Hemmschwellen überwinden

„Das Ziel ist es, über das Spiel innere Hemmschwellen zu überwinden“, erläutert Liane Kirchhoff, zuständig für Projekte und Workshops bei der „theaterpädagogischen werkstatt“. „Es funktioniert immer, wenn man die Kinder erreicht. Dafür ist die Sprache zunächst einmal egal.“ Aus sich heraus kommen, den Quatsch einfach mal mitzumachen - das zähle. „Action without fear“ heißt das Konzept dahinter. „Die Grenzen werden dabei immer weiter gesteckt. Und die Kinder wollen gesehen werden.“

„Das packt sie richtig. Sie spielen das manchmal auch im Unterricht“, beobachtet Süderberg-Schulleiterin Elisabeth Wroblowski. „Sie spielen endlich eine positive Hauptrolle und genießen es, im Mittelpunkt zu stehen. Sie sind begeistert.“ Für viele sei dies die Gelegenheit, Sprache auf eine tolle Art und Weise zu lernen.

Oberschule ist als Kooperationspartner 

Dabei bezieht sich das Projekt nicht nur auf die Grundschule. Auch die Oberschule ist als Kooperationspartner mit im Boot. Warum? „Weil wir unbedingt Wege suchen, wie wir die deutsche Sprache vermitteln können“, erläutert Klara Meyer-Notbohm, Deutsch-Lehrerin an der Oberschule Hilter.

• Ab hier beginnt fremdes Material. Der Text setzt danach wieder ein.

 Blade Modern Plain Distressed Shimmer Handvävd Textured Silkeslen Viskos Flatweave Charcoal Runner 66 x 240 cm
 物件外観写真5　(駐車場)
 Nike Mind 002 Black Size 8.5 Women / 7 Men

Dass dies handlungsorientiert geschehe, sei ein großer Vorteil. „Sie üben etwa, nach vorne zu gehen und laut zu sagen: „Ich will!“ und erfahren „Ich kann laut sprechen“ Oft trauen sie sich das nicht, weil sie denken, sie sprechen falsch.“

Immerhin: aus sechs Nationen sind die Kinder nach Deutschland gekommen. Syrien ist dabei ebenso Herkunftsland wie Russland, Rumänien, Polen, Afghanistan oder die Türkei.

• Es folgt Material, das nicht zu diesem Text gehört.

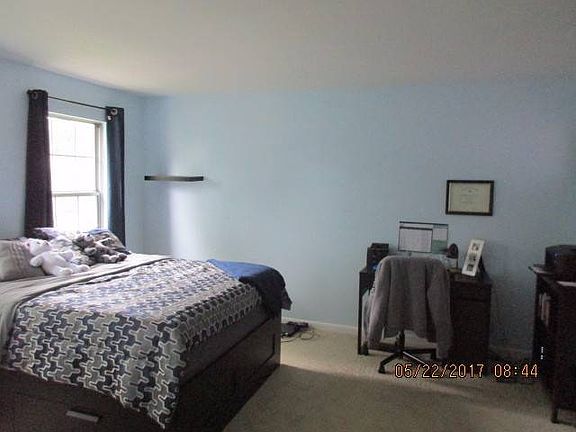 4th image of 14362 Salsbury Ct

Spätere Aufführung nicht ausgeschlossen

Vier Mal haben sie nun bereits erste Erfahrungen gesammelt. Und so soll es weiter gehen. Immer montags. Stets für eineinhalb Stunden am Nachmittag. Spätere Aufführung nicht ausgeschlossen. Doch dafür ist noch Zeit. Schließlich läuft das aktuelle Projekt bis zum Februar 2020. „Wir kommen nicht mit einem fertigen Stück“, betont Liane Kirchhoff. „Das gibt es auch nicht. Viel wichtiger ist es, dass die Kinder sich mit ihren Ideen einbringen.“

Jetzt standen die Grundschüler erst einmal auf dem Catwalk, spielten „Germany's Next Top Model“ nach und warfen sich mit mitgebrachten Kostümen und Requisiten ebenso in Schale wie in Pose. Und wo die Reise beim nächsten Mal hingeht - das entscheiden sie selbst. Und, wer weiß, vielleicht stehen sie ja auch mit ihren verrückten und ausgefallenen Ideen bald in der Manage und damit im Scheinwerferlicht, wenn demnächst, kurz vor den Ferien, der Mitmach-Zirkus kommt.